(Crawled caption data)
◆ ◆ ◆

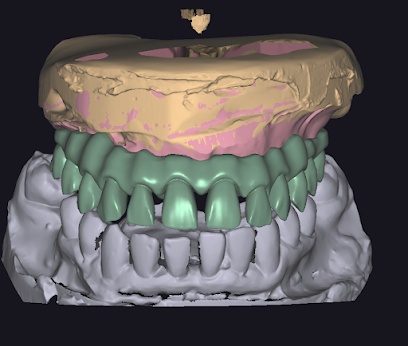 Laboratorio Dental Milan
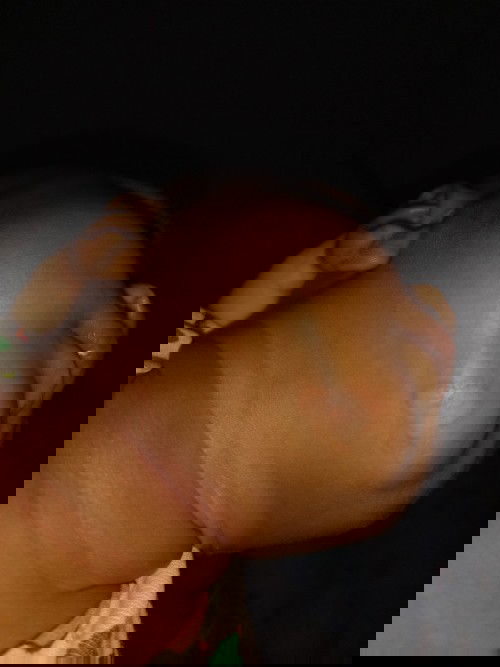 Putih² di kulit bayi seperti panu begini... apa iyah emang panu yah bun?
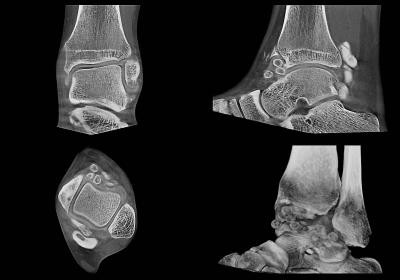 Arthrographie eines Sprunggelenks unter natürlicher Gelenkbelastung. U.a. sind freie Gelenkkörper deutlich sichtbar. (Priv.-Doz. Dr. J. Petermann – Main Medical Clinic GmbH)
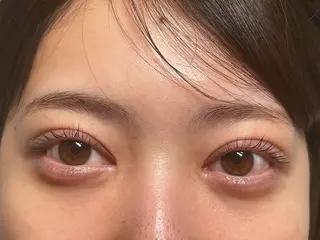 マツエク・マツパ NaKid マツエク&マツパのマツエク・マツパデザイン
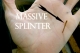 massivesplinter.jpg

◆ ◆ ◆

Problem description:
Repeat the data word for word, minus any pictures.

Solution below:
 Laboratorio Dental Milan
 Putih² di kulit bayi seperti panu begini... apa iyah emang panu yah bun?
 Arthrographie eines Sprunggelenks unter natürlicher Gelenkbelastung. U.a. sind freie Gelenkkörper deutlich sichtbar. (Priv.-Doz. Dr. J. Petermann – Main Medical Clinic GmbH)
 マツエク・マツパ NaKid マツエク&マツパのマツエク・マツパデザイン
 massivesplinter.jpg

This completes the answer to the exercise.